A disseminação da hepatoscopia é um dos exemplos mais claros de contato cultural no período da orientalização. Deve ter sido um caso de entendimento Leste-Oeste em um nível técnico relativamente alto. A mobilidade de carismáticos migrantes é o pré-requisito natural para essa difusão, o papel internacional de especialistas procurados, que estavam, no que diz respeito à sua arte, no entanto vinculados aos seus pais-professores. Não podemos esperar encontrar muitos vestígios arqueologicamente identificáveis de tais pessoas, exceto alguns exemplos excepcionais.
Walter Burkert[5]

Os mesopotâmicos pensavam que poderiam descobrir a vontade dos deuses examinando as estranhas, em seus formatos, defeitos e sangue.[6] A interpretação do fígado era chamada de "um segredo" e "um tesouro", e a prática mântica era rigorosamente controlada pelo estado, que proibia a revelação de oráculos a pessoas não autorizadas e dividia, por exemplo, os sacerdotes que não se conheciam em grupos para servirem a consultas independentes aos reis. Ensinar a arte divinatória a algum estudioso-candidato não oficial era passível de punição. Um sacerdote conhecido como bārû (termo que aparece pelo menos desde o III milênio a.C.) era especialmente treinado para interpretar os "sinais" do fígado, o que fazia parte de um ramo maior de estudo dos órgãos, o extispício, chamado bārûtu, "a arte do vidente". Ela foi reunida em séries de mesmo nome (Bārûtu) nos registros do período babilônico tardio: tabuletas canônicas serviam de compêndio interpretativo, e um conjunto delas do I milênio a.C. formava 10 capítulos em cerca de 100 tabuletas.[7][8] O fígado era dividido em seções, um texto de Uruque no período babilônico tardio indicava as correspondências delas a um deus, um mês, uma estrela (constelação/planeta), junto a um comentário.[7] Os babilônios eram famosos pela hepatoscopia. Esta prática é mencionada no livro de Ezequiel 21:21:

Pois o rei de Babilônia permanece na divisão do caminho, no início dos dois caminhos, para usar da adivinhação; ele balança as flechas cá e lá, consulta os terafins, olha no fígado.[9][10]

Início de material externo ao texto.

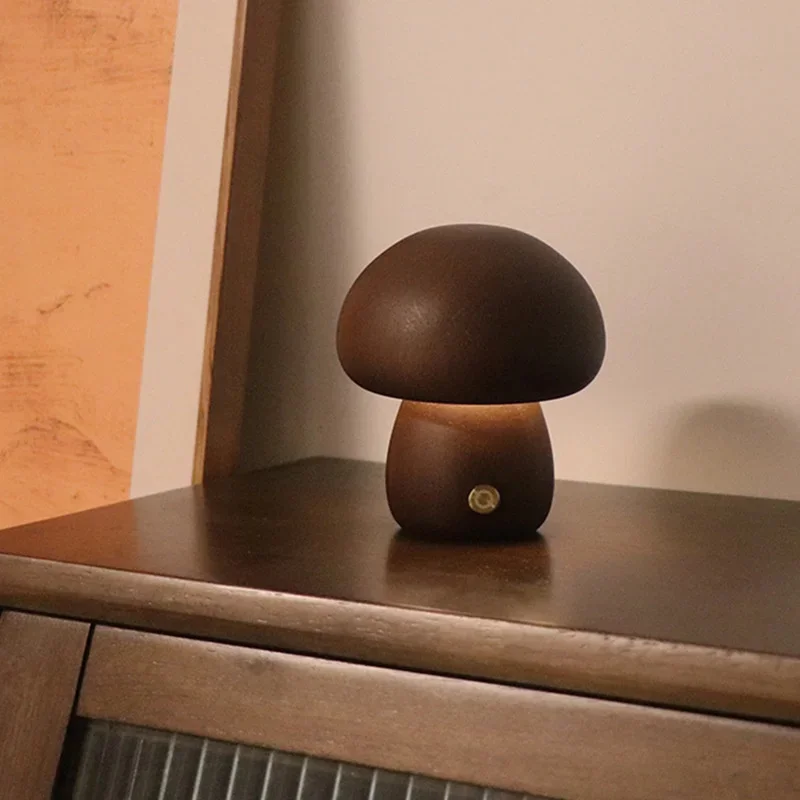 Led Mushroom Table Lamp for Bedroom Bedside Living Room Decor Night Lights Minimalist Desk Lights USB Rechargeable Night Lamp 6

Um modelo de argila babilônico de fígado de ovelha, datado entre 2050 e 1750 a.C., está conservado no Museu Britânico, e nele são demarcadas seções quadradas e buracos, com textos cuneiformes ao lado da malha indicando significados. Estacas de madeira eram colocadas nos buracos para registrar características do animal sacrificado, e era utilizado para prever o curso da doença de um paciente.[11][12][13]

Assurbanípal gaba de sua sabedoria em uma inscrição famosa na qual, entre outras façanhas, afirma: "Sou capaz de discutir a série 'Se o fígado é a imagem reflexa do céu' com os mais competentes especialistas",[14] e o harúspice-chefe de seu reinado afirmou que os deuses ensinaram ao rei o extispício, "o segredo do Céu e Terra".[7]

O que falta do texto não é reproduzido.